Fortunately, there is a good alternative. It is called the Flyweight design pattern. In the PR quadtree, a flyweight is a single empty leaf node that is reused in all places where an empty leaf node is needed. You simply have all of the internal nodes with empty leaf children point to the same node object. This node object is created once at the beginning of the program, and is never removed. The node class recognizes from the pointer value that the flyweight is being accessed, and acts accordingly.

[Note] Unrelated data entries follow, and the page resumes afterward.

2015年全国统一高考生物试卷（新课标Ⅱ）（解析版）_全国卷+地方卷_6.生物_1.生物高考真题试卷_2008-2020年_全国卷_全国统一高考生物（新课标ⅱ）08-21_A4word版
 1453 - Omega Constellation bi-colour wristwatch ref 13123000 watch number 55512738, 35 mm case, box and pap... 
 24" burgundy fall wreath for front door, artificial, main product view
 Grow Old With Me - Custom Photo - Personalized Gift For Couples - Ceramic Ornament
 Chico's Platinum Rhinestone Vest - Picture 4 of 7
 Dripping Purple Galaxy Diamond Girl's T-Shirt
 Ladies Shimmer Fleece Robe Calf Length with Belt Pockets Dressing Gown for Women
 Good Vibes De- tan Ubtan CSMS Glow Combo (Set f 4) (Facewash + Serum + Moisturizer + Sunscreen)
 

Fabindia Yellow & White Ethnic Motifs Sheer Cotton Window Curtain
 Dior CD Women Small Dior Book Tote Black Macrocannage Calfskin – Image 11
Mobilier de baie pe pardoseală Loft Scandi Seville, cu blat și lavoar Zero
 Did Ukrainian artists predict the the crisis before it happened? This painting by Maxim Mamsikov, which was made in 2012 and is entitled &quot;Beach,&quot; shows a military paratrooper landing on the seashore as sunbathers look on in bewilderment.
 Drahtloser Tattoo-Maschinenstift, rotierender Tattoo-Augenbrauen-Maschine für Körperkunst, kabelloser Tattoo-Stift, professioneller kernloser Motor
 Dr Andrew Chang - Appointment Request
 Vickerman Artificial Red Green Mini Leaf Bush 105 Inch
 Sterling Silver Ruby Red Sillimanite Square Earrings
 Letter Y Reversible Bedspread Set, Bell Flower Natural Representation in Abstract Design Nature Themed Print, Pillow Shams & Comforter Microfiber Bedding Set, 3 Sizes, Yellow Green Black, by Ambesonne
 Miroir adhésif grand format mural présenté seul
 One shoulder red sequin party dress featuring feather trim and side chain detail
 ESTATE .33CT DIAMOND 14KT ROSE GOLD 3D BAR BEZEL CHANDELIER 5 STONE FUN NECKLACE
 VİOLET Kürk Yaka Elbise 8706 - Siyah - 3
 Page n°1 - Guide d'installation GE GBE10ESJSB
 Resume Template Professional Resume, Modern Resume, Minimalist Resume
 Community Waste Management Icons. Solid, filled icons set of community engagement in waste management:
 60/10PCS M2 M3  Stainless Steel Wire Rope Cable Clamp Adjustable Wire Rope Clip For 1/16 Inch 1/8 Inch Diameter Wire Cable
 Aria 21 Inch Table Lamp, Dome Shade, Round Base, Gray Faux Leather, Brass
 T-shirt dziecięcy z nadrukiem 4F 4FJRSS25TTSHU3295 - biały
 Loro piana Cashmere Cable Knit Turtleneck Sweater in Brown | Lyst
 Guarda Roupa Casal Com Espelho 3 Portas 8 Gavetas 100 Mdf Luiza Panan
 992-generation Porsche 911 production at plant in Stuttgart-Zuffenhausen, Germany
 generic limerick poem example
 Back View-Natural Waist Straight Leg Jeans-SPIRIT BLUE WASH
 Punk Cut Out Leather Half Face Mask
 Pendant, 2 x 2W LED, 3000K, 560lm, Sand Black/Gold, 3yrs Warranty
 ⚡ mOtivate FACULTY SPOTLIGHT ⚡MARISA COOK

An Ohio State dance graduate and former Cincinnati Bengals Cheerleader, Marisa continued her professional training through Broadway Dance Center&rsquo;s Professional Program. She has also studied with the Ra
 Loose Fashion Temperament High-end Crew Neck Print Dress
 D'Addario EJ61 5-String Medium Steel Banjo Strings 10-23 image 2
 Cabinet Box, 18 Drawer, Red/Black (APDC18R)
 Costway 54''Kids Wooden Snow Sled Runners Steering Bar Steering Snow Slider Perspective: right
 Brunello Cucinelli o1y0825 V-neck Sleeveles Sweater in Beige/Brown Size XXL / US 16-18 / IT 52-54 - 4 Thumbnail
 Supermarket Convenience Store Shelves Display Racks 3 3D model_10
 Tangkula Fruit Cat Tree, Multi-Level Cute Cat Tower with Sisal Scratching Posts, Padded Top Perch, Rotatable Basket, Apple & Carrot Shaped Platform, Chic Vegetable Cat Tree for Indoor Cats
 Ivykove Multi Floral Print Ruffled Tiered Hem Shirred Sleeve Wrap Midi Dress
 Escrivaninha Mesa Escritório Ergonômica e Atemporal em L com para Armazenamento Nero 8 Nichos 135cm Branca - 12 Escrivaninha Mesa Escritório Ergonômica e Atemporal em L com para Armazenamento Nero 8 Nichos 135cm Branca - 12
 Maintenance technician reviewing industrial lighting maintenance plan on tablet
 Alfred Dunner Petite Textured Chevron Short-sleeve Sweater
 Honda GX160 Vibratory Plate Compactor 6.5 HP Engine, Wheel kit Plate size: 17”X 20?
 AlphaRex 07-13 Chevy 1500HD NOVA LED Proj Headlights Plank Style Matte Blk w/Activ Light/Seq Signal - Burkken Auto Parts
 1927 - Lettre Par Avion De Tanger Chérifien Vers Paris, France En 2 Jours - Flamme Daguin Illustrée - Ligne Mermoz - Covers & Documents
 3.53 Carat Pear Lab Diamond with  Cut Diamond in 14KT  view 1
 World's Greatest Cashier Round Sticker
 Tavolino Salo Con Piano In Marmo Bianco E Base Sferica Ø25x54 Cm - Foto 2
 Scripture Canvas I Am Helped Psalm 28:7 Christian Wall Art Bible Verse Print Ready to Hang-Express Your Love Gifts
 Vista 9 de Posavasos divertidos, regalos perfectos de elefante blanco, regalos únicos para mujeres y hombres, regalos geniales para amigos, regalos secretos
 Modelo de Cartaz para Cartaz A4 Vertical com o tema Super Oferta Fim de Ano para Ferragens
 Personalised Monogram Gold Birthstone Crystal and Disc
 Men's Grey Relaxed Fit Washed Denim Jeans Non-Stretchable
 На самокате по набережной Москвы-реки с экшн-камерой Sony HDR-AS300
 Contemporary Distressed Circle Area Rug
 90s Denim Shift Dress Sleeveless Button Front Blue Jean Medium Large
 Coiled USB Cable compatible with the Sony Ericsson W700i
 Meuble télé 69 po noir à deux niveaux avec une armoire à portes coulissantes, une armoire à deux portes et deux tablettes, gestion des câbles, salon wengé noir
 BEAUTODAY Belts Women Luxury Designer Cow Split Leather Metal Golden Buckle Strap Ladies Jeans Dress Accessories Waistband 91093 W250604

Note that when using the Flyweight design pattern, you cannot store coordinates for the node in the node. This is an example of the concept of intrinsic versus extrinsic state. Intrinsic state for an object is state information stored in the object. If you stored the coordinates for a node in the node object, those coordinates would be intrinsic state. Extrinsic state is state information about an object stored elsewhere in the environment, such as in global variables or passed to the method. If your recursive calls that process the tree pass in the coordinates for the current node, then the coordinates will be extrinsic state. A flyweight can have in its intrinsic state only information that is accurate for all instances of the flyweight. Clearly coordinates do not qualify, because each empty leaf node has its own location. So, if you want to use a flyweight, you must pass in coordinates.
Another design choice is: Who controls the work, the node class or the tree class? For example, on an insert operation, you could have the tree class control the flow down the tree, looking at (querying) the nodes to see their type and reacting accordingly. This is the typical approach used by the BST implementation. An alternate approach is to have the node class do the work. That is, you have an insert method for the nodes. If the node is internal, it passes the city record to the appropriate child (recursively). If the node is a flyweight, it replaces itself with a new leaf node. If the node is a full node, it replaces itself with a subtree. This is an example of the Composite design pattern. Use of the composite design would be difficult if NULL pointers are used to represent empty leaf nodes. It turns out that the PR quadtree insert and delete methods are easier to implement when using the composite design.